## A matrix is similar to a diagonal matrix if and only if there is a basis of eigenvectors for the associated linear transformation

Let $F$ be a field, $V$ a finite dimensional vector space over $F$, and $\varphi : V \rightarrow V$ a linear transformation.

1. Prove that if $V$ has a basis $B$ consisting of eigenvectors for $\varphi$, then the matrix $M^B_B(\varphi)$ is diagonal and moreover the diagonal entries are eigenvalues.
2. If $E$ is a basis for $V$, then $M^E_E(\varphi)$ is similar to a diagonal matrix $D$ (having nonzero diagonal entries) if and only if there is a basis $B$ for $V$ consisting of eigenvectors of $\varphi$.
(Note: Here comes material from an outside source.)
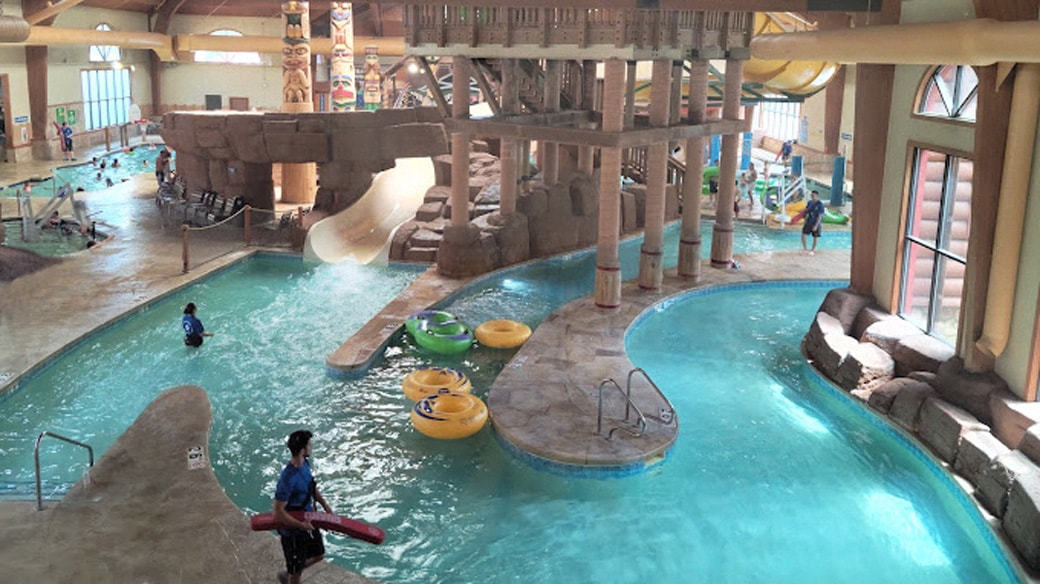 Outdoor pool at Great Wolf Lodge WD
1. Let $B = \{v_i\}_{i=1}^n$ be a basis of eigenvectors for $\varphi$. Suppose that for each $i$, $\lambda_i$ is the eigenvalue associated to $v_i$. That is, $\varphi(v_i) = \lambda_i v_i$. In particular, we have $M^B_B(\varphi) = [a_{i,j}]$, where $a_{i,j} = \lambda_i$ if $j = i$ and 0 otherwise. So $M^B_B(\varphi)$ is diagonal, with eigenvalues as diagonal entries.
2. Suppose $M^E_E(\varphi)$ is similar to a diagonal matrix $D$; say $P M^E_E(\varphi) P^{-1} = D$. Let $\lambda_i$ be the diagonal entries of $D$. We may take the columns of $P$ to be the coordinates (in terms of $E$) of a basis $B = \{v_i\}$ for $V$. Then $D = P M^E_E(\varphi) P^{-1} = M^B_B(\varphi)$ is the matrix of $\varphi$ with respect to the basis $B$. In particular, $\varphi(v_i) = \lambda_i v_i$, so that each $v_i$ is an eigenvector of $\varphi$.

Conversely, if there is a basis $B$ of $V$ consisting of eigenvectors, then by part 1, $M^B_B(\varphi)$ is a diagonal matrix. For any other basis $E$, we have an invertible change of basis matrix $P$ such that $P M^E_E(\varphi) P^{-1} = M^B_B(\varphi)$.